The Royal Botanic Garden Edinburgh (RBGE) is a leading international research organisation delivering knowledge, education and plant conservation action around the world. In Scotland its four Gardens at Edinburgh, Benmore, Dawyck and Logan attract nearly a million visitors each year. It operates as a Non Departmental Public Body established under the National Heritage (Scotland) Act 1985, principally funded by the Scottish Government. It is also a registered charity, managed by a Board of Trustees appointed by Ministers. Its mission is “To explore, conserve and explain the world of plants for a better future.” www.rbge.org.uk
Keg de Souza is an Australian artist working with mediums such as inflatable and temporary architecture, food, film and mapping projects to explore the politics of space. Keg’s investigation of social and spatial environments is influenced by her formal training in architecture and experiences of radical spaces through squatting and organising. Keg creates site and situation specific projects with people, with an emphasis on knowledge exchange. Keg is a member of various collaborative groups, such as SquatSpace Artist Collective and is represented by Booklyn Artist Alliance, NY for her artist’s books and zines, which she has been self-publishing for over 15 years.
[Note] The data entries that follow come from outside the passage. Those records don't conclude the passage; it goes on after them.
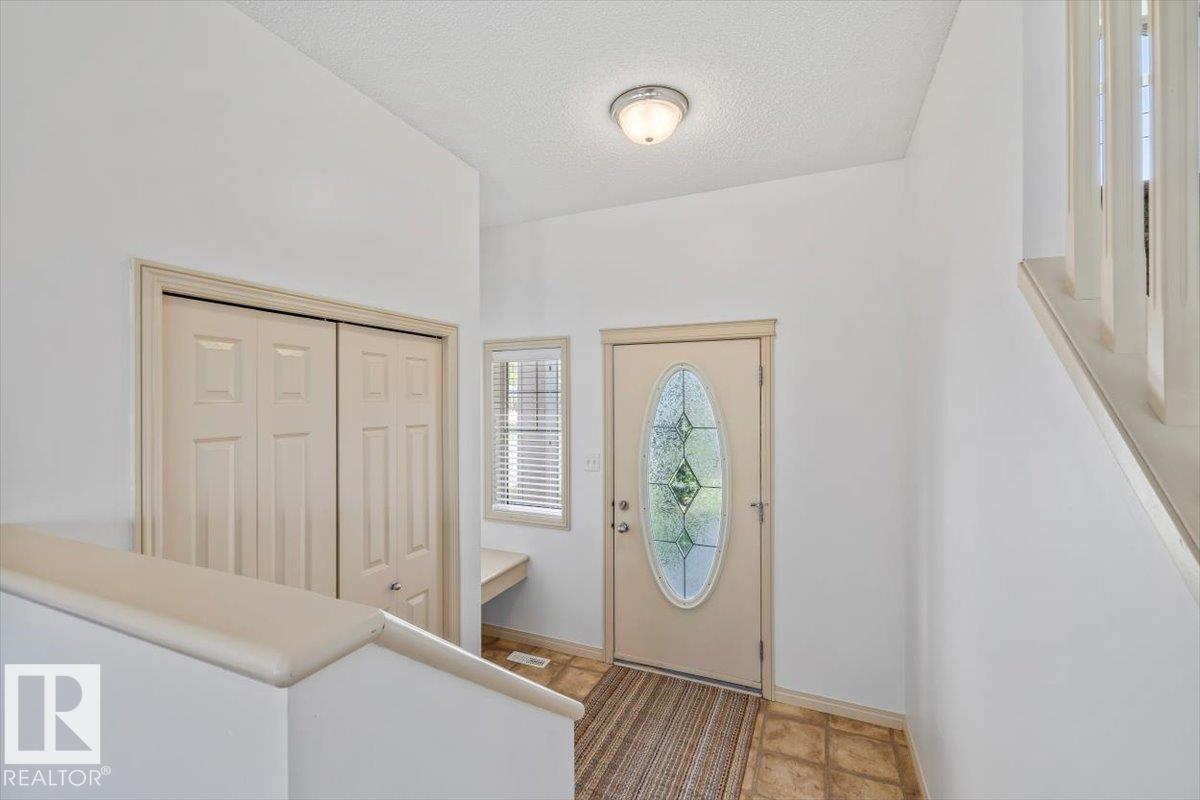 8509 7 AV SW — photo 14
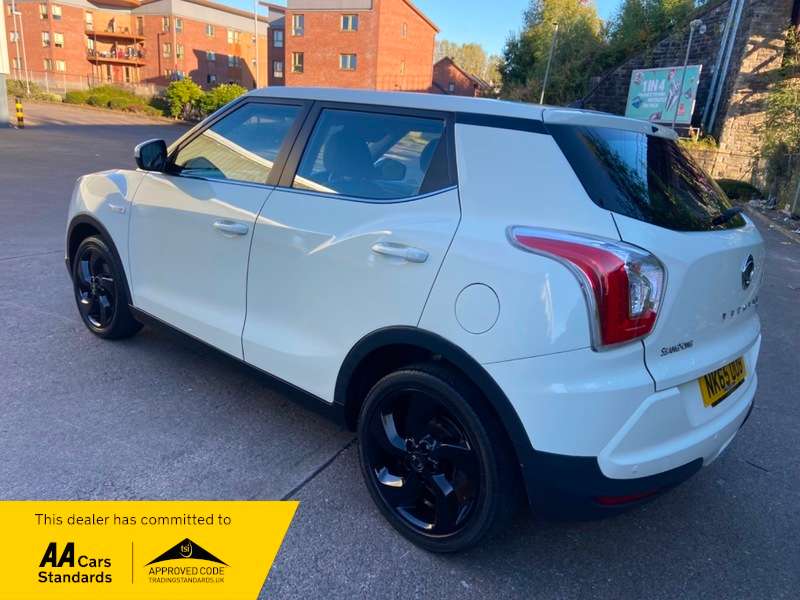 2015 SSANGYONG TIVOLI 2015 SSANGYONG TIVOLI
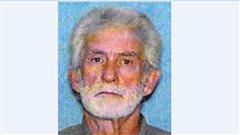 La photo de Jim Lee Dykes, qui retient le jeune garçon de 5 ans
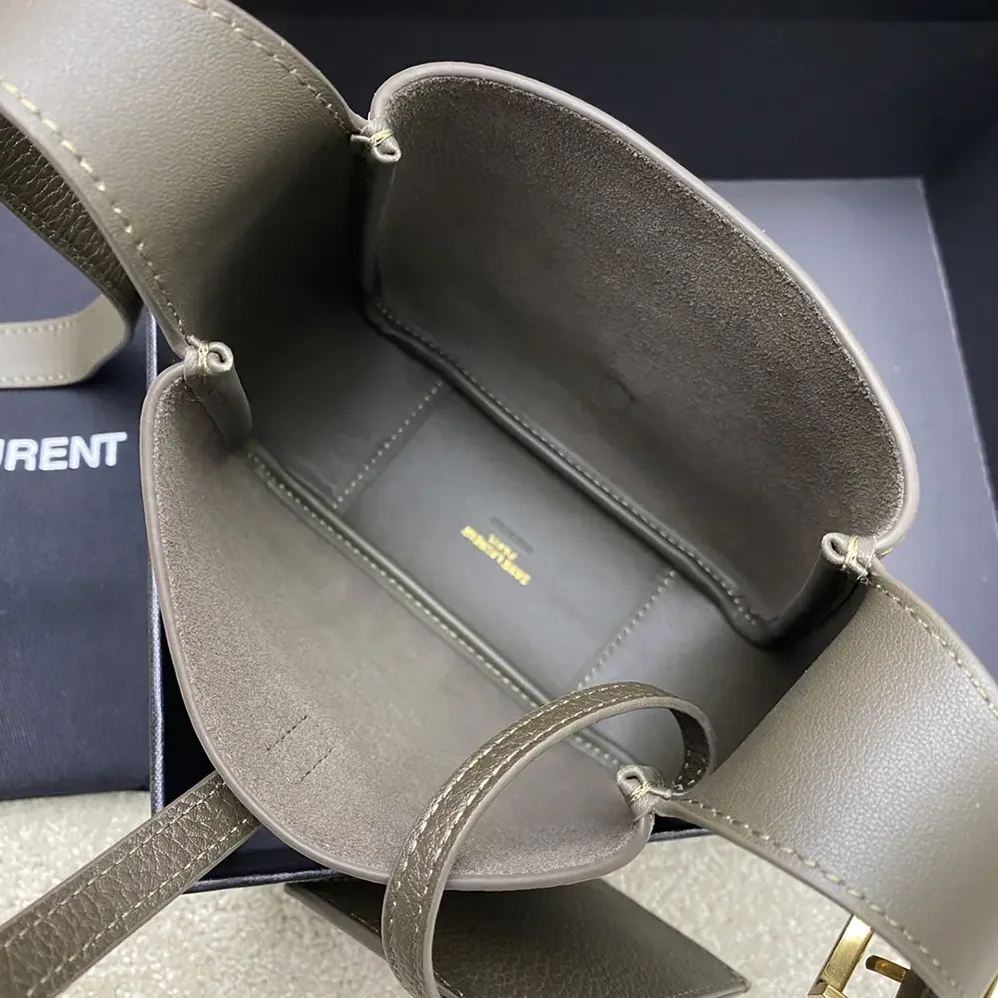 Saint Laurent YSL Le 5 à 7 Supple Baby in Grained Leather for Women in Dark Green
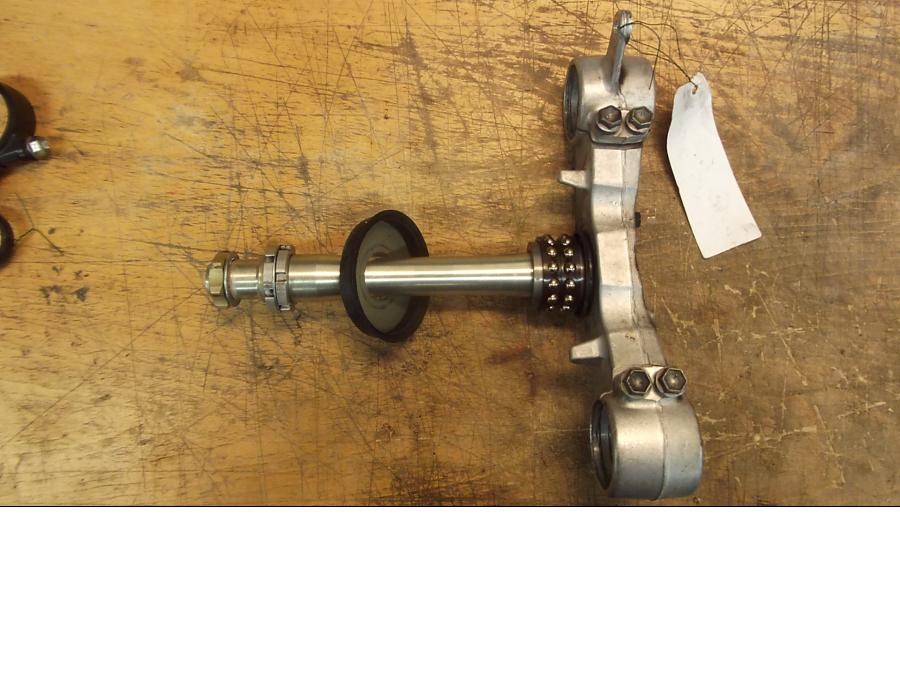 Framsidan på Gaffelkrona från en Suzuki SV 1000 -2004 motorcykel.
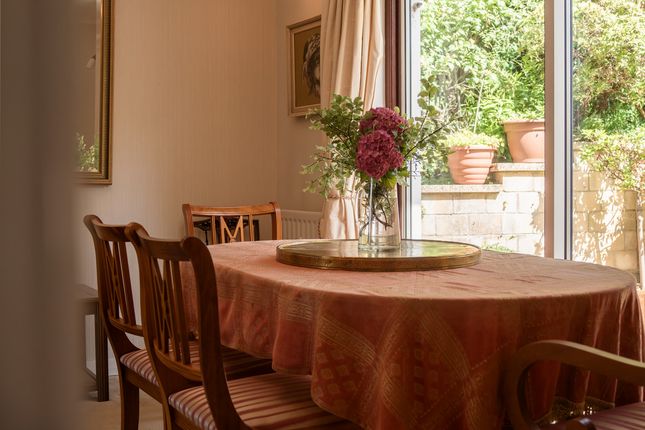 15, Duncan Gardens, Bath photo 2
Recent exhibitions include; Common Knowledge and Learning Curves, Artspace, Sydney; spaced3: North by Southeast, Art Gallery of Western Australia (2018); The National: New Australian Art, Art Gallery of New South Wales (2017); 20th Biennale of Sydney, and Setouchi Triennale, Japan (2016); Temporary Spaces, Edible Places: Vancouver and Preservation; both Contemporary Art Gallery, Vancouver and Temporary Spaces, Edible Places: New York, AC Institute, New York (2015); Temporality in Architecture, Food and Communities, Delfina Foundation, London; Temporary Spaces, Edible Places, Atlas Arts, Isle of Skye, Scotland and If There’s Something Strange In Your Neighbourhood, Ratmakan Kampung, Yogyakarta, Indonesia (2014); 5th Auckland Triennial, 15th Jakarta Biennale and Vertical Villages at 4A Centre for Contemporary Asian Art, Sydney (2013). She also received a Creative Australia Fellowship from the Australia Council for the Arts in 2013.